Je pense que ce sont les autres qui doivent faire l’objet d’une attention accrue. Car se sont elles qui courent le plus le risque d’erreurs, elles qui souvent « profanes », ont le plus besoin du droit à l’erreur.

Mais au vu de leur nombre important, j’ai bien conscience que cela demandera plus de moyens et de ressources au sein des administrations. 

Est-ce les entreprises qui ne sont pas encore suffisamment informées sur l’existence de ses dispositifs ou est-ce l’administration fiscale qui n’est pas totalement mobilisée ? 

Dans l’ensemble je constate que la machine est lancée du côté de la DGFiP et des DRFiP. Même si les moyens employés et les retours sont inégaux d’une région à l’autre, toutes ont bien accueilli la réforme. Toutes semblent avoir intégré le principe général de ces dispositifs et la grande majorité a mis en place des équipes dédiées en interne.

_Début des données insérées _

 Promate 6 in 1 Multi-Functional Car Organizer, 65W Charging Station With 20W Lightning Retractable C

Mais leur formation et leur spécialisation paraissent insuffisantes compte tenu des ambitions affichées. Les équipes dédiées à l’accompagnement des PME doivent en particulier davantage travailler en réseau et être formées à la « relation client ». Les outils applicatifs doivent également être adaptés.

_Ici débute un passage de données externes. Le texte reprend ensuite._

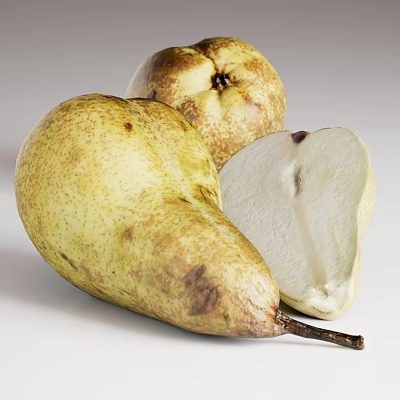 Fresh Whole And Sliced Pears With Yellowish Green Skin White Flesh And Brown Spots 3d model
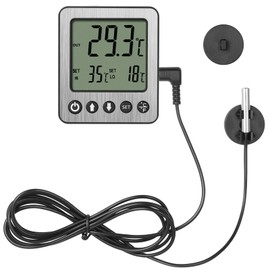 Refrigerator Thermometer Freezer Alarm Digital Freezer Thermometer Fridge Thermometer with Extra Sensor high and Low Temperature Alarm (1, Black, ZZ10)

Aussi, comme j’ai souvent eu l’occasion de le dire, la confiance ne se fait pas d’un claquement de doigts, elle se construit au long cours et demande du temps. Cette réforme ambitieuse appelle à un véritable changement de culture de part et d’autre. Aujourd’hui il faut reconnaître que les entreprises voient l’administration fiscale comme un organisme de sanctions. Et les agents eux-mêmes n’avaient pas d’autres habitudes que de contrôler et sanctionner. 

A titre d’exemple, un de mes clients recevait un courrier du Fisc qui lui annonçait la mise en place de toutes les mesures d’accompagnement. Le seul fait de recevoir ce courrier estampillé « Finances publiques » l’a angoissé et il s’est d’emblée imaginé avoir des ennuis. (rires)

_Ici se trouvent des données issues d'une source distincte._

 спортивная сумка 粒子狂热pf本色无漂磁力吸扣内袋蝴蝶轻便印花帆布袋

Je pense que les professionnels du conseil et du chiffre, tels que les experts-comptables, qui sont en prise directe avec les chefs d’entreprises, ont un rôle majeur à jouer dans ce dialogue.

Il n’y a évidemment pas de confiance sans contrôle, mais je pense qu’il faut déconstruire les réflexes ici et là. Mais j’ai bon espoir… laissons le temps aux uns et aux autres de s’apprivoiser.

Qu’est-ce que le SPE ? Que doit-il permettre ? 

Le Service Partenaire des Entreprises permet aux grandes entreprises et aux entreprises de taille intermédiaire (ETI) de nouer avec une équipe d’experts de l’administration une relation au long cours leur permettant de sécuriser le traitement fiscal de leurs opérations à fort enjeux, à mesure qu’elles se présentent. Ce partenariat se concrétise par la signature d’un protocole entre l’administration fiscale et l’entreprise qui instaure une relation durable de travail. L’entreprise peut ainsi exposer les problématiques fiscales qu’elle rencontre, au fil de l’eau, et s’acquitter de ses obligations déclaratives en disposant d’une prise de position opposable de l’administration.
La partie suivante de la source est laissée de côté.